Every time I think I get a handle on this parenting thing, something unexpected comes along. Lately, it’s been an early surprise of the terrible twos. They are real. They exist. And they have manifested themselves in BOTH of my sweet little angels in the past few months.
My parenting skills have not caught up to manage the outbursts and moments of defiance, and despite putting on a brave face with my kids to let them know mama is still in charge, they seem to sense my weakness…and they know when to strike.
Take an ill-fated Friday afternoon shopping trip for example. If you’ve read my post about 5 Nerdy Things I’m Thankful for as a Mom, you know I prefer to grocery shop alone. This particular afternoon, though, my girls seemed extra sweet and excited to go to the store, so I decided to go for it.
The girls were particularly into their dolls this day, and for some crazy reason, I allowed them to each bring a doll with us to the store. I even let them pick out new outfits to dress the dolls in AND let one of the girls bring an extra doll with her. I clearly wasn’t in my right mind…
Besides toting three dolls along, I decided to try a new parking spot on the back side of the store so we wouldn’t have to walk across the busy part of the parking lot but could wind around the sidewalk to the entrance. Seems logical, right?
On the way in with the two toddlers and their three dolls, I was actually pretty proud of myself. The girls looked so innocent and sweet carrying their little dolls, but I noticed about halfway to the door the great new parking area I chose did NOT have a cart corral.
But on a happy, cheerful afternoon when you’re walking in without crossing the busy parking lot and looking at your happy children toting their dolls, a missing cart corral isn’t a problem! I can carry the few groceries I’m buying out to the car, of course! (Insert ominous music here…duhn, duhn, duhn).
After a decent trip around the store with only a few dolls flying out of the cart (they were getting less cute and sweet by the minute) and minimal hitting and yelling, the checkout is where I made the biggest mistake of all.
I let my girls OUT OF THE CART under the assumption they could walk alongside mama on the safe little sidewalk to the car. Who does that? Why didn’t the checker tell me I was an idiot? Why did I turn down the offer to help me to the car from the teen who sacked the groceries?

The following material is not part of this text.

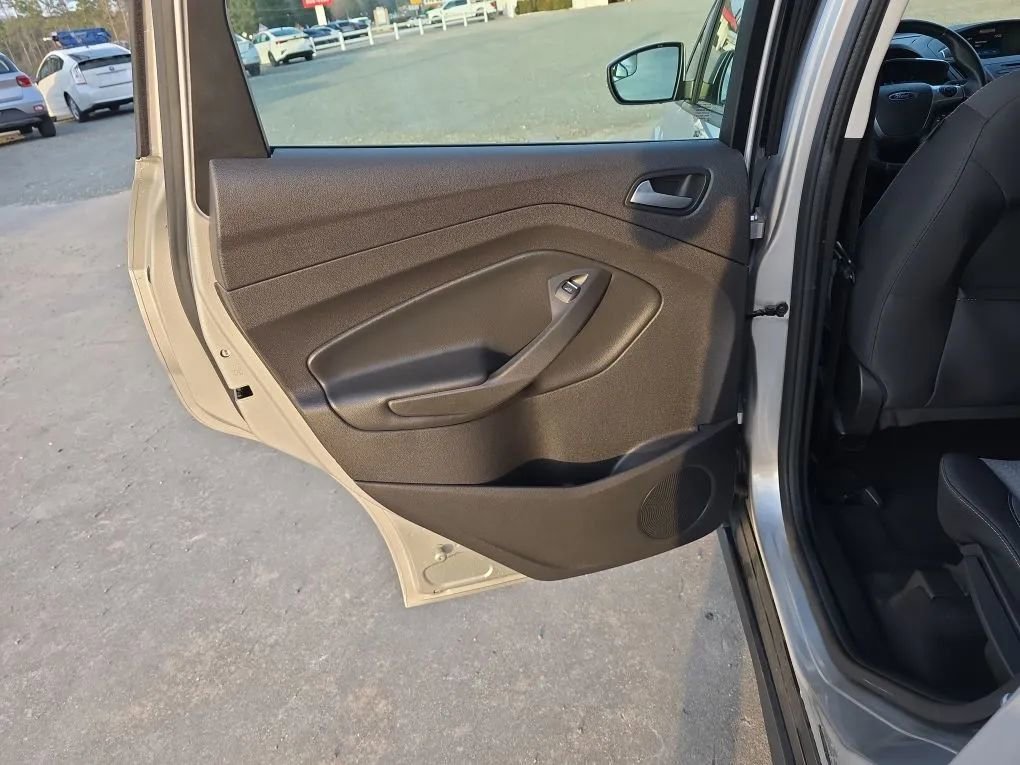 Used 2017 Ford C-MAX SE image 34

The dolls were dropped and scooped up, all three of them, by mama. I tucked them under my arms so I could hold the grocery sacks…
Can you see it coming? Some fellow mama or someone with more of a brain should have grabbed me, shaken me hard by the shoulders and yelled some sense into me. These were NOVICE parenting mistakes I was making, all of which were doomed to lead to a disaster!
As I was lugging the bags of groceries on my arm, squeezing those terrible dolls in my armpits and pleading with my toddlers to keep following me to the car, it happened.
Munchkin 2 froze in her tracks. You could see the wheels turning in her little mind, calculating the odds and sensing my weakness. She planted her feet, gave me a naughty little smile and took off running into the very parking lot I was trying to avoid entering with my genius parking place.
I dove. I yelled. Groceries flew, dolls hit the pavement, and some innocent bystander who happened to see the spectacle held Munchkin 1’s hand on the sidewalk while they watched the ordeal unfold. (Innocent bystander is now my new BFF, by the way).
The running toddler only made it a few steps into a handicapped parking space at the entrance, but between the yelling, her crying and the flying groceries and dolls, we made enough of a spectacle to draw attention from everyone walking in to the store on this doomed Friday afternoon.
Call me crazy, but Friday afternoons in front of King Soopers seem horribly busy. Busy enough and full of enough people lingering at the entrance that I couldn’t bring myself to add to the humiliation and spectacle and give the little one the spanking I so desperately thought the situation warranted.
The nice lady My BFF who held Munchkin 1’s hand helped me gather up the groceries and dolls and make my way to the car, and who knows what in the world she was thinking about me. I couldn’t really concentrate with Munchkin 2 screaming in my ear as I lugged her along with all of the other junk I was carrying.
Behind the closed doors of my minivan, I sat in the seat and had a moment. Talk about publicly earning the mother of the year award!
So, after this disastrous afternoon, I now follow these rules without question if I have to take the Munchkins shopping. If you shop with little ones, take note–if my story can save even one mad dive into a handicapped space in front of a large crowd of shoppers, it will be worth it!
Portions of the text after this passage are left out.